Side-by-side comparison · Updated 2026
At a glance
Pricing
Base is priced at $$$ ($100/month + event costs extra), while DayOfUs comes in at $ ($12.99/single dinner or $15.99/month unlimited + cost of your meal).
Format & matching
Base uses groups of 6-12 per event, compared to DayOfUs’s 4-6 per table, and both use algorithm-based matching.
How they work
Base: Head to base.club and fill out their application form. You'll select your city, choose a personality archetype (Artist, Scholar, Sage, Explorer, Leader, Healer, or Alchemist), and share what you're looking for — community, intellectual conversation, networking, or inspiration. Every applicant has a one-on-one call with the membership team before being accepted, so this isn't a sign-up-and-go situation.
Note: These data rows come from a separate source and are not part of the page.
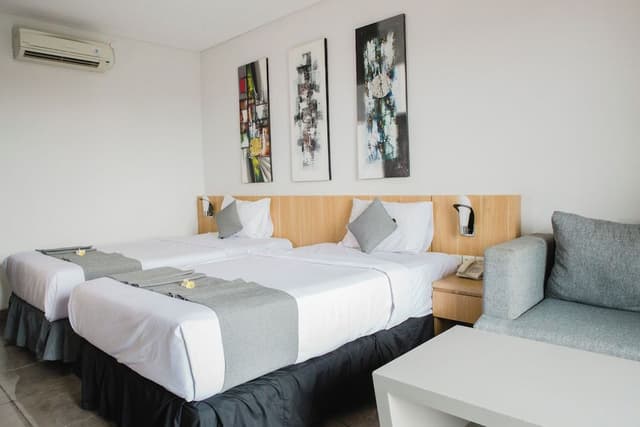 Executive Room
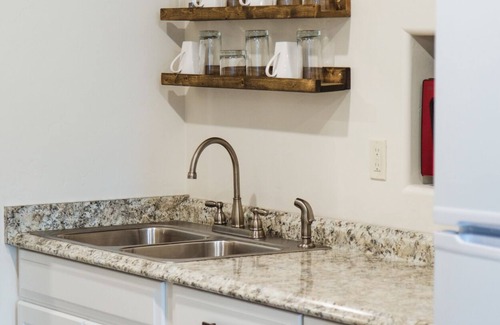 Montrose Apartment | Super clean, 8 minutes to MTJ airport!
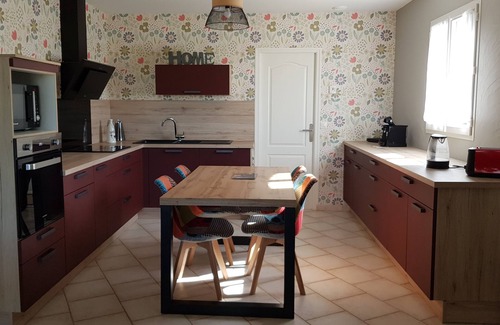 La Courade Casa | La maison aux ânes in the countryside, surrounded by vineyards with swimming pool.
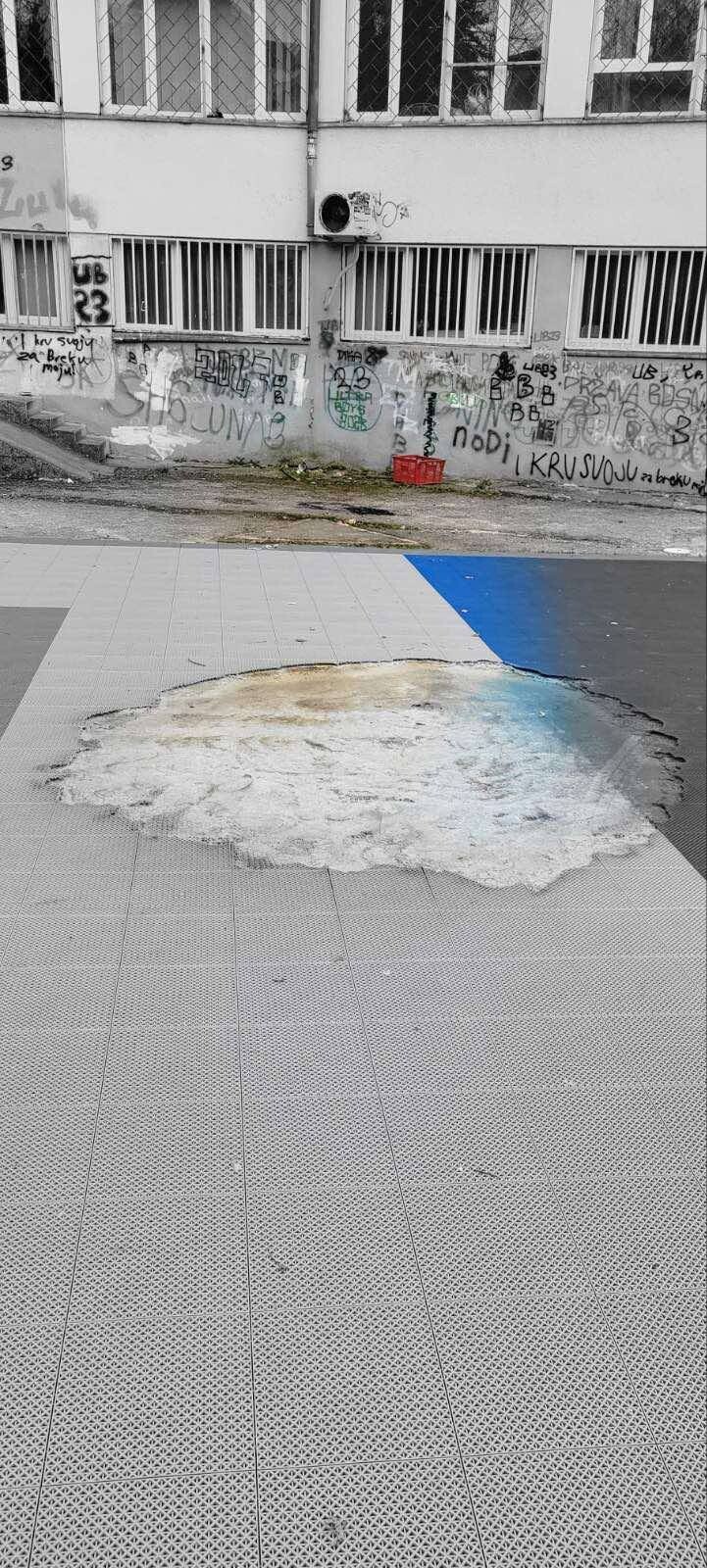 Podloga je zapaljena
Once you're in, Base matches you to weekly events: intimate Circles with guided conversation prompts on the table, curated Experiences like tastings or workshops, and matched dinners at rotating venues across your city. The algorithm learns your preferences over time based on your attendance and feedback.
DayOfUs: Download the app and take a personality quiz that covers your interests, conversation style, and what you're looking for in a dinner companion. Pick your city and a date that works. DayOfUs's algorithm assembles a table of four to six people with complementary personalities and handles the restaurant reservation. On the day of your dinner, you'll get the venue details. Show up, sit down, and meet your group. The app also includes icebreaker prompts if the table needs a nudge.
What to love
Base: Personality-based matching creates genuinely interesting tables. Vetted membership keeps the quality of conversations high. Variety of event formats — dinners, circles, and experiences — keeps things fresh. Available in 10+ US cities with more launching in 2026. The archetype system adds a fun, intentional layer to the matching.
DayOfUs: Available in 13+ cities across four continents — significantly wider reach than most dinner-matching apps. Personality-based matching creates genuinely compatible tables. The app handles the entire reservation so there's zero logistics on your end. Affordable entry point at ~$13 per dinner. Smaller group sizes (4-6) keep conversations intimate.
Reality check
Base: $100/month is steep, especially since event costs are extra on top. Application and vetting process means you can't just sign up and go tonight. No iOS or Android app — everything runs through the website. Limited to US cities for now — no international availability.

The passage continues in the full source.